夏化粧
池上 永一
188 ★★★☆☆
【夏化粧】 池上永一 著 文藝春秋
もう何年前の話になるが、こんな本を読むと思い出します。
私は、友人と別れて、地下鉄・丸の内線の東京駅から乗り込んだ。休日の夕方、各車両には数える位しか乗客がいない。長いシートにも隅だけか、あるいは中央に二人連れしか乗っていないのだ。私は、長いシートの中央に座った。こんな電車には滅多に乗れないと思ったのだ。
この日、地上は靄がかかる、小雨まじりの天気だった。地下の電車の中も妙に湿っぽさを感じていた。
次の駅から乗り込んできた一人の乗客が私の横に座ったのだ。長いシートの中央私が座っているだけであるのに。普通、乗客の座る位置は両隅から埋まっていくのだ。

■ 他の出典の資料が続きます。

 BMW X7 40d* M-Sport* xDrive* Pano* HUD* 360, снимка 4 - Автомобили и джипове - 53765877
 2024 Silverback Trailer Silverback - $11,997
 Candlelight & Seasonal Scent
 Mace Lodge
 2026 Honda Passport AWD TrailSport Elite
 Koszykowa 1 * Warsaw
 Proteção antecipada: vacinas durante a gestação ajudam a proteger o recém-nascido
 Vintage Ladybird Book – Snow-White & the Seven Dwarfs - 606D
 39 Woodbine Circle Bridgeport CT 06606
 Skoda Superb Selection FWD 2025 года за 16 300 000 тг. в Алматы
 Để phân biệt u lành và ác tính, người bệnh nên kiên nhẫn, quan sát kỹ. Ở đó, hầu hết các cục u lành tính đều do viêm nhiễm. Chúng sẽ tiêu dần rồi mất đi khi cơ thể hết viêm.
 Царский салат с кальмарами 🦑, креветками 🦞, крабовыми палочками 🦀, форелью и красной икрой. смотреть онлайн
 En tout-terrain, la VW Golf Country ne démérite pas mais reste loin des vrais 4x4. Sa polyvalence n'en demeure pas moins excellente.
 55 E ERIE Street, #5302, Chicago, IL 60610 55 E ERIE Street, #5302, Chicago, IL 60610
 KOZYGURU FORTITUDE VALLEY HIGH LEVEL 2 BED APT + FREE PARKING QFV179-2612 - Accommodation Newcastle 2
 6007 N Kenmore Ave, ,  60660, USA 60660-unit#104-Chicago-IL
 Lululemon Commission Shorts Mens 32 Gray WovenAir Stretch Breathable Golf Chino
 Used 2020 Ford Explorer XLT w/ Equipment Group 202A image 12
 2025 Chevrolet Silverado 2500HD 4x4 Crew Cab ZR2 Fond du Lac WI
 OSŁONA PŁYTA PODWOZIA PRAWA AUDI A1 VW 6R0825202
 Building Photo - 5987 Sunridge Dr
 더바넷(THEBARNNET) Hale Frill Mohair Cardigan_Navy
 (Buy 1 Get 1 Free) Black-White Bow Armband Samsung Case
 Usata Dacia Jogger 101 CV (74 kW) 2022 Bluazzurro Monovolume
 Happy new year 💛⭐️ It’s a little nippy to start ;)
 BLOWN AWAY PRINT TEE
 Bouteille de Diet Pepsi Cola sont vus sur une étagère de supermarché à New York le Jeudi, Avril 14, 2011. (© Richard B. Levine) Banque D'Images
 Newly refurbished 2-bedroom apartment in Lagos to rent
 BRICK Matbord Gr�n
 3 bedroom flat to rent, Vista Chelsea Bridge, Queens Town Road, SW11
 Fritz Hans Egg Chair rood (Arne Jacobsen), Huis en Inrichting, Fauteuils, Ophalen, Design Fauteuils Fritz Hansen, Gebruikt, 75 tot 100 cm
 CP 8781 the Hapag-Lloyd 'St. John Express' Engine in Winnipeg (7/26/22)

わたしは、ちょっと不気味なものを感じた。中肉中背でスーツ姿のサラリーマンである。長年着古した感じのスーツの光ぐあいである。顔を覗き見て、驚いた。声を出しそうになるのをこらえた。2、3日前にお通夜に行った、その亡くなった知り合いにそっくりだったからである。メガネ、顔の輪郭、髪型の感じが似ているのだ。声を掛けたい衝動になったが我慢した。というか、驚きのあまり頭の中が混乱していて、何も考えられないのだ。
ところが、次の駅でその人物は降りていってしまった。私の頭は、右往左往しているだけで気持ちの整理がつかないでいるのだ。私には、この一区間の出来事がえらく長い時間に感じられてしょうがなかった。
今、あの出来事を思い出すとき、亡くなった知り合いは私に何かのメッセージを託しにきたのだろうか、と考えてしまうのだ。
前振りが長くなってしまったが、この本は光と闇(陽と陰)の世界の出来事の話である。